I am to solve the following initial value problem: $$\frac {dy}{dx}=(4+y)\cos x + 4x(4+y),\ y(0)=0$$
I am aware that the general formula for an ODE/IVP is: $$\frac {dy}{dx}+p(x)\cdot y=q(x),$$ and the integrating factor is: $$I(x)=e^{\int p(x)\ dx}$$ However, do I expand the terms and solve like this: $$\frac {dy}{dx}-\cos\ x\cdot y=4\cos x+4x(4+y)$$ so there are $p(x)$ and $y$ terms on the left and a $q(x)$ term on the right?

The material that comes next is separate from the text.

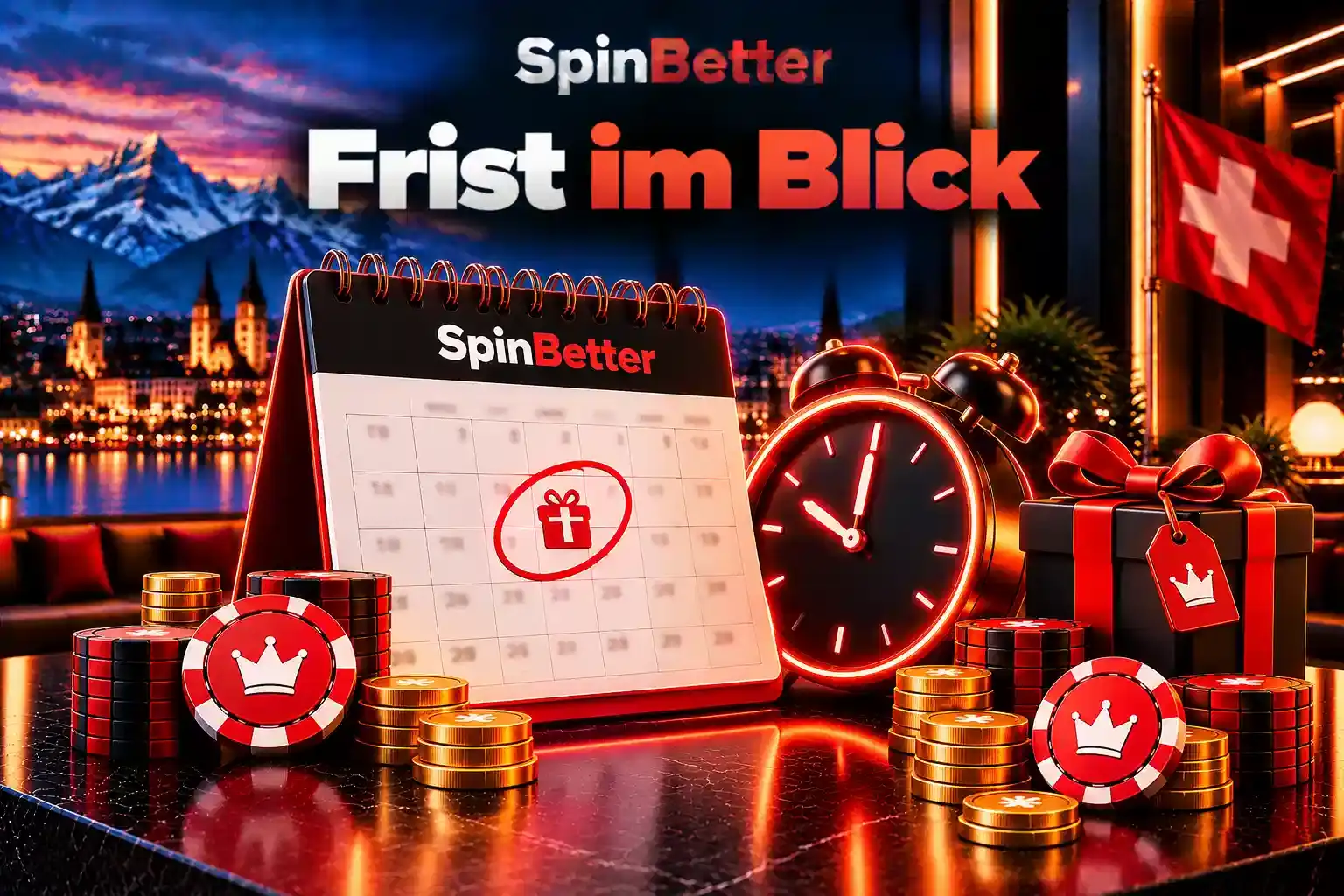 Tischkalender mit Wecker und Geschenk als Sinnbild für die Frist des Bonusumsatzes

Integrating that is proving difficult and I think I have gone about arranging the equation wrong.
Thank you.
EDIT: This allows me to have: $$e^{\int -\cos(x)\ dx}$$ which is: $$e^{-\sin(x)}$$
\begin{align} \dfrac{dy}{dx}&=(4+y)\cos x + 4x(4+y)\\ \implies\dfrac{dy}{dx}&=y(\cos x+4x)+4(\cos x+4x)\\ \implies\dfrac{dy}{dx}-y(\cos x+4x)&=4(\cos x+4x)\hspace{25pt}\cdots\text{(i)}\\ \end{align}
Now (i) is in the form of $\dfrac{dy}{dx}+y\cdotp(x)=q(x)$.
So, Integrating Factor, $I.F.=e^{-\int(\cos x+4x)\:dx}=e^{-(\sin x+2x^2)}$ .
Therefore, (i) can be written as: \begin{align} \dfrac{d}{dx}\left[y\cdot e^{-(\sin x+2x^2)}\right]&=4(\cos x+4x)\cdot e^{-(\sin x+2x^2)}\\ \int d\left[y\cdot e^{-(\sin x+2x^2)}\right]&=4\int(\cos x+4x)\cdot e^{-(\sin x+2x^2)}\ dx+c\hspace{25pt} [c=\text{integration const.]}\\ y\cdot e^{-(\sin x+2x^2)}&=-4e^{-(\sin x+2x^2)}+c \end{align} Now, as $y(0)=0\implies c=4$.
Therefore solution is, $y\cdot e^{-(\sin x+2x^2)}=4\left[1-e^{-(\sin x+2x^2)}\right]$.